Can this be customized for different claim lines?
Yes. You can tailor the wording for auto, property, liability, workers’ compensation, or specialty lines while keeping the same red-flag structure. For example, auto claims may emphasize repair estimates, telematics, and vehicle damage consistency, while workers’ compensation may emphasize medical timing, work restrictions, and witness statements. Keep the sections intact so reviewers can compare files consistently.
How does this support compliance and defensibility?

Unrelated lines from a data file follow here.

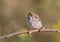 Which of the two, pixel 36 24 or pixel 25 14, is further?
pixel 25 14

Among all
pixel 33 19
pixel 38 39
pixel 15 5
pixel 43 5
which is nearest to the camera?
pixel 33 19

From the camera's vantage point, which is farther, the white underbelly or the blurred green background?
the blurred green background

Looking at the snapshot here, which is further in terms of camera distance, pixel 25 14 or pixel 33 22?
pixel 25 14

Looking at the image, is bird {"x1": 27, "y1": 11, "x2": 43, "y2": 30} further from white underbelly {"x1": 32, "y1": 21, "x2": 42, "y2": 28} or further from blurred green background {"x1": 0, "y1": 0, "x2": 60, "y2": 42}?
blurred green background {"x1": 0, "y1": 0, "x2": 60, "y2": 42}

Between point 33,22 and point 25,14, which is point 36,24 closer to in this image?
point 33,22

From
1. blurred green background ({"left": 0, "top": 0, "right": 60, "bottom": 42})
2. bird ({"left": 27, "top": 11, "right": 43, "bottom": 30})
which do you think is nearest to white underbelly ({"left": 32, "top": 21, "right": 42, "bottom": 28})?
bird ({"left": 27, "top": 11, "right": 43, "bottom": 30})

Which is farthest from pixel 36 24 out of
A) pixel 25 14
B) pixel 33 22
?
pixel 25 14

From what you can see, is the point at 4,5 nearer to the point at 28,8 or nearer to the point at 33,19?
the point at 28,8

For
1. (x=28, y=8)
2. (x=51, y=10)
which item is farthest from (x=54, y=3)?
(x=28, y=8) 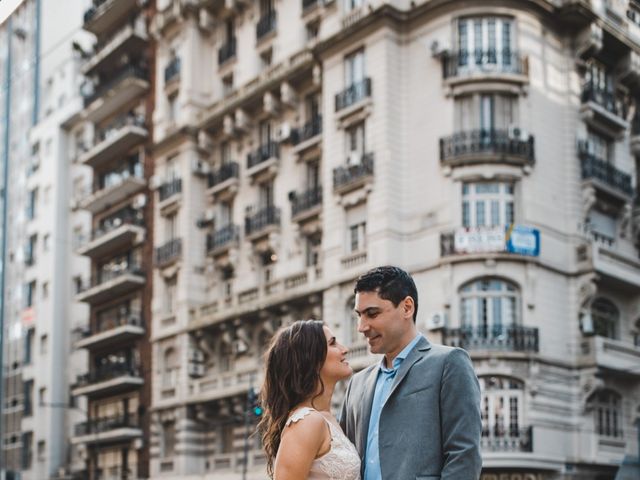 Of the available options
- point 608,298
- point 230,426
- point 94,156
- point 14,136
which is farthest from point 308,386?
point 14,136

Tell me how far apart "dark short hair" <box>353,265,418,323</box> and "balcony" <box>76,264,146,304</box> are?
40.0 meters

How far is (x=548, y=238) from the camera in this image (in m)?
32.2

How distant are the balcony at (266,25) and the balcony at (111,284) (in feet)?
37.3

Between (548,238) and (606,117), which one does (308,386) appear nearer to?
(548,238)

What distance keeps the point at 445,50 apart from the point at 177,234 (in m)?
15.1

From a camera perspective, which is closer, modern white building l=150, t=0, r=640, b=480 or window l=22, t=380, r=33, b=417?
modern white building l=150, t=0, r=640, b=480

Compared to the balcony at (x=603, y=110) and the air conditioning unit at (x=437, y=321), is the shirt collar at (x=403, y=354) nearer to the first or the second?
the air conditioning unit at (x=437, y=321)

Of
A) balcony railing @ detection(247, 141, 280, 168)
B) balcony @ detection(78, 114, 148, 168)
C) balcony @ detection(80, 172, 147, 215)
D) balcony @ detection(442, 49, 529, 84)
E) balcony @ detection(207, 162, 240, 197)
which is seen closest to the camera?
balcony @ detection(442, 49, 529, 84)

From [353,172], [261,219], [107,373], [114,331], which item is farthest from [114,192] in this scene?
[353,172]

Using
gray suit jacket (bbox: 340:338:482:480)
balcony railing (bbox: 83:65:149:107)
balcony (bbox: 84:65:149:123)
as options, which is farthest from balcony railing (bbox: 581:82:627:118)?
gray suit jacket (bbox: 340:338:482:480)

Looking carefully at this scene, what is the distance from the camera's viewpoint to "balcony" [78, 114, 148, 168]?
152 feet

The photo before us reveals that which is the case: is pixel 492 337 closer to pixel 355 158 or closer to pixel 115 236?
pixel 355 158

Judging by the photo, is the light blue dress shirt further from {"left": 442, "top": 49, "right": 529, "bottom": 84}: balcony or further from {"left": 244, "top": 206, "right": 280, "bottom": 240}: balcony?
{"left": 244, "top": 206, "right": 280, "bottom": 240}: balcony

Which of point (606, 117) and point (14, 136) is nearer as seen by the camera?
point (606, 117) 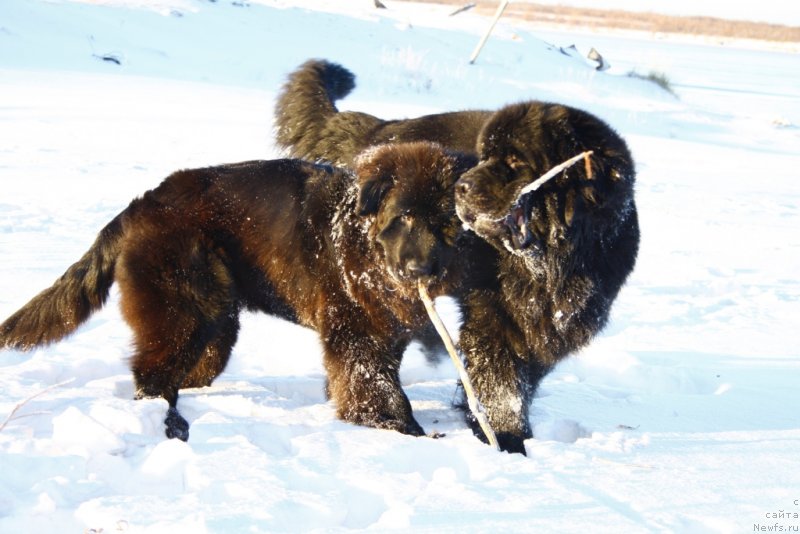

It creates a documented trail showing that the adjuster reviewed behavioral cues, evidence consistency, and claim patterns before escalating. That supports disciplined claim handling under general insurance governance expectations and helps avoid unsupported accusations. The checklist should stay factual, neutral, and tied to records, photos, interviews, and timestamps. It is a process aid, not a legal conclusion.
Can this be integrated with claim systems or SIU workflows?
Yes. The checklist can be used as a form inside a claim platform, exported to PDF, or linked to SIU intake notes and task queues. Many teams map the primary red flags to a severity score or referral trigger in their workflow system. If you integrate it, keep the evidence fields and reviewer sign-off so the output remains auditable. The template is also easy to pair with document management and photo upload tools.